A question often asked when working in race, equity, and whiteness is, “When did you first know you were white?” I remember the first time I was asked this question and not thinking about when I realized I was white, but when I realized I was not Black. My dad is a Jehovah’s Witness and we attended a Kingdom Hall as one of few white families. I went to a high school that was predominantly African American. I was one of a couple white athletes on the track and volleyball teams. I spent a large portion of my youth as “the white girl.” I realized I was not Black at a slumber party. My friends were braiding hair with beads. I was told my hair was “White girl hair,” and not going to work for proper braids. I also remember this moment as the first time being told I could not do something and doing it anyway. I showed up at the next congregation meeting with a confident walk, a bounce in my step, and three frayed, haggard braids in my hair with beads. Undoubtedly, this was a pivotal influence in the formation of my personal vested interests in multicultural education and social justice. My story was a turning point in my life that led me to multicultural education. It is part of my social geography and symbolizes some of the biases and perspectives I bring to my work. Since then I am constantly reminded that I am white. I learned a lot about being white in these spaces and I am continually growing and discovering what it means to be white in the United States.

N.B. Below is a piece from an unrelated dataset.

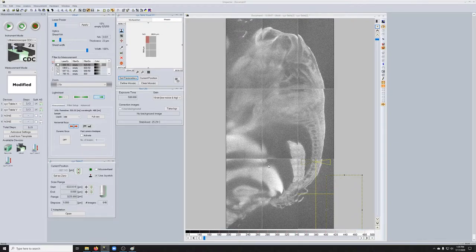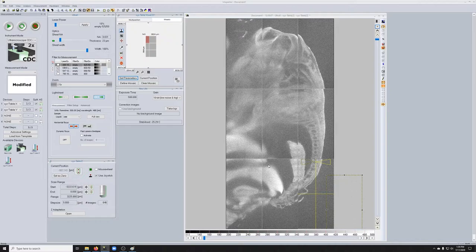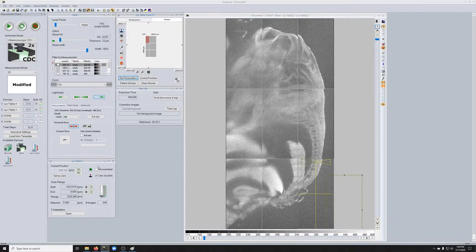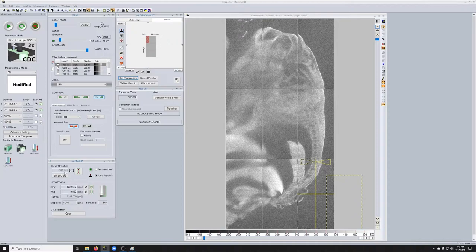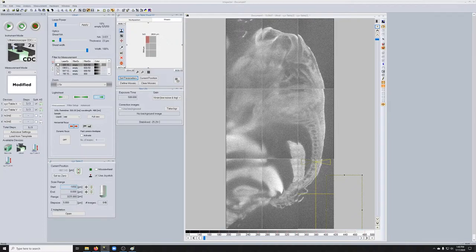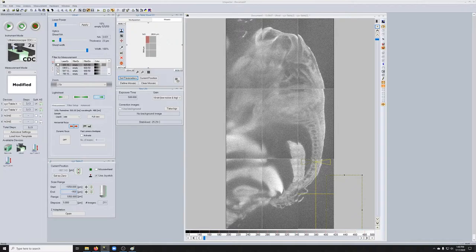So now we're ready to actually take the mosaic. So just in the interest of making this feasible in the time that I have to record this video, I'm not going to take the entire embryo. I'm just going to take 100 microns around where we are right now, which is roughly minus 1000. So I'm going to go from minus 1050 to minus 950.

As a kid I would hear my Black friends talk about “the man,” “whitey,” and crackers. But then they would say, “But not you, you’re not really white.” I began to develop this attitude that I was a good white person and that there were bad white people. This attitude encompasses the idea that good white people are superior to the bad ones. However, this is not an attitude to embrace when working in race, equity, and whiteness spaces. So, as an adult, I find myself constantly checking myself in readjusting my superiority complex among white colleagues. To be white is to be neither good nor bad, it is to be part of a system of oppression and to be clear on what role we want to play in that system. I want to be an interrupter of the system, as Christine Sleeter suggests, an anti-racist racist.

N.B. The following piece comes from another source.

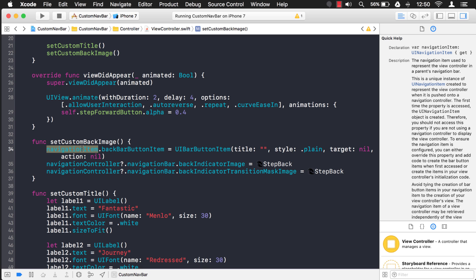Or you can create an extension method where you can easily call this on the navigation item. So you can say something like navigationItem.setNoText and it just basically calls this code, and you have to call that on every view controller.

Sleeter wrote a chapter in a book called Everyday White People Confront Racial and Social Injustice. Her chapter was focused on this idea that all white people, because of racial socialization, are racist. Not because we burn crosses, use racial slurs, or are members of white supremacist groups, but because we were raised and socialized to be superior through media, housing and education policies, and criminal justice practices. We are subtly and strategically taught that to be white is normal and anything else is different and to be questioned. This develops implicit biases that come out as microaggressions and other racist thinking and actions. However, to be an anti-racist racist is to actively work to interrupt the racist policies put into practice in systems in which we live and work. The point that I took from this chapter that I am applying and reflecting on is that white people cannot be anti-racist 100% of the time. Sometimes we slip with a microaggression, by being a bystander in a racist interaction and being silent, or by not even noticing how something is racist. But to consciously work towards a socially just, multicultural society through activism is to be an anti-racist racist. To speak up against injustices, to keep yourself up-to-date on new laws and policies put into place and speaking out against and working towards repealing them is to be an anti-racist racist. To call out racist systems and contradictions in places of work, school, or communities is to be an anti-racist racist. To see how whiteness plays a role in everyone’s daily lives is to be an anti-racist racist. The chapter gave me comfort in embracing the idea that to be white is to be racist, not of my own doing, but of inheritance, and to choose to interrupt the whiteness I have been given is to be an anti-racist racist.
While this is supposed to be a blog about when I realized I was white, I need to emphasize that I am constantly realizing that I am white.